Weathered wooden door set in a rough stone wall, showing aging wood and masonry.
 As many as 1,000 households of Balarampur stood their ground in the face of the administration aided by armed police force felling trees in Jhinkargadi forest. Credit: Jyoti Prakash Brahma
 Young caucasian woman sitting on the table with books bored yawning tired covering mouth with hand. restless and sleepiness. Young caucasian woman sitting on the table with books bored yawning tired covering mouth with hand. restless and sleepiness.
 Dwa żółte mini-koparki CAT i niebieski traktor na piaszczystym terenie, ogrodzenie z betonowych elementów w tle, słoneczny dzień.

# [Exercise goal]
The exact lines of the material above starting at the one that contains "As many as 1,000" and ending at the one that contains "and sleepiness. Young" are what to retype; leave out everything else.

# [Response below]
 As many as 1,000 households of Balarampur stood their ground in the face of the administration aided by armed police force felling trees in Jhinkargadi forest. Credit: Jyoti Prakash Brahma
 Young caucasian woman sitting on the table with books bored yawning tired covering mouth with hand. restless and sleepiness. Young caucasian woman sitting on the table with books bored yawning tired covering mouth with hand. restless and sleepiness.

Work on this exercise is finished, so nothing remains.